Shares of Agnico Eagle Mines (NYSE: AEM) had declined by more than 12% by 11:30 a.m. EST on Friday. While the gold mining company reported better-than-expected fourth-quarter results, it issued disappointing production guidance for 2020.
Agnico Eagle Mines ended 2019 by producing higher-than-anticipated fourth-quarter results. The gold miner posted $0.37 per share of adjusted earnings during the period, which beat analysts’ expectations by $0.02 per share. Driving that result was higher realized gold prices and record quarterly gold production of 494,678 ounces. That pushed its full-year total to a record 1.782 million ounces, slightly above its guidance range of 1.77 million to 1.78 million ounces. Because of those strong results, the company boosted its dividend by 14%.
But it reduced its production outlook for 2020. It now expects to produce 1.875 million ounces, below its prior guidance range of 1.9 million to 2.0 million, though the company did leave its 2021 midpoint at 2.05 million ounces.
Weighing on its expected output this year will be a slower-than-expected ramp-up at its new Nunavut operations in Canada and a more conservative mining plan at LaRonde’s West mine in Quebec. The ramp-up issues will cause costs to rise during the first quarter, which will weigh on profitability, though the company expects an improvement after that period.

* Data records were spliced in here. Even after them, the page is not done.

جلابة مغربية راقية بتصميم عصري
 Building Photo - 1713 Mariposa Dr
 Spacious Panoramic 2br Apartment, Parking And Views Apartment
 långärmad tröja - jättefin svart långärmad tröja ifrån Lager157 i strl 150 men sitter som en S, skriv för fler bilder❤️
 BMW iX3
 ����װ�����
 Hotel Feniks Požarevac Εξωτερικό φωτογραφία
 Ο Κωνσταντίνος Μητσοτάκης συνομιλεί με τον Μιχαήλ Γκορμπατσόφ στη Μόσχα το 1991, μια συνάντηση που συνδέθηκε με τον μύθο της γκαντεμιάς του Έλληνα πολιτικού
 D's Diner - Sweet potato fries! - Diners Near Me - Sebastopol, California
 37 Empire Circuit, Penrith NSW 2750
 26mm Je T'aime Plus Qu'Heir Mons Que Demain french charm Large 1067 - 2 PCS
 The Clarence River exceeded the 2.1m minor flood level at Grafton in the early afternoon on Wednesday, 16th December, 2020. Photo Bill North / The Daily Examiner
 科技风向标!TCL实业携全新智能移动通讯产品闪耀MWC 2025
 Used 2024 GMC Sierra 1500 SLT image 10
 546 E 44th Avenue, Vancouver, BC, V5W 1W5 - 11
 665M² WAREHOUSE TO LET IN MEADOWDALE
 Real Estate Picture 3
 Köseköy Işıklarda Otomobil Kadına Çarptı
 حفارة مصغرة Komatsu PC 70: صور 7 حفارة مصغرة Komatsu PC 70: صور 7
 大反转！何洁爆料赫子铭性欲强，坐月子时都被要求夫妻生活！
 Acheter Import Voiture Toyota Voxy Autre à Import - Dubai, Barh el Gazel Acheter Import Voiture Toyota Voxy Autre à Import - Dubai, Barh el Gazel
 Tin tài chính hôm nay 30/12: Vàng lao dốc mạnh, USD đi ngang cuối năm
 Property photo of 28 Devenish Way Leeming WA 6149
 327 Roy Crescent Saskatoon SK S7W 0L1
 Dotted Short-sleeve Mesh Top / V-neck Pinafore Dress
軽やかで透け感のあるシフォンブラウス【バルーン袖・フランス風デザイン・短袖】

Start-up issues are common in the mining industry. Unfortunately, Agnico Eagle’s issues at Nunavut are coming at a time when gold prices have been rising, which means it won’t be able to take full advantage of them in the near term. But it believes its issues are temporary, and it projects 18% production growth through 2022 along with declining costs, making it a potentially appealing gold stock for long-term investors.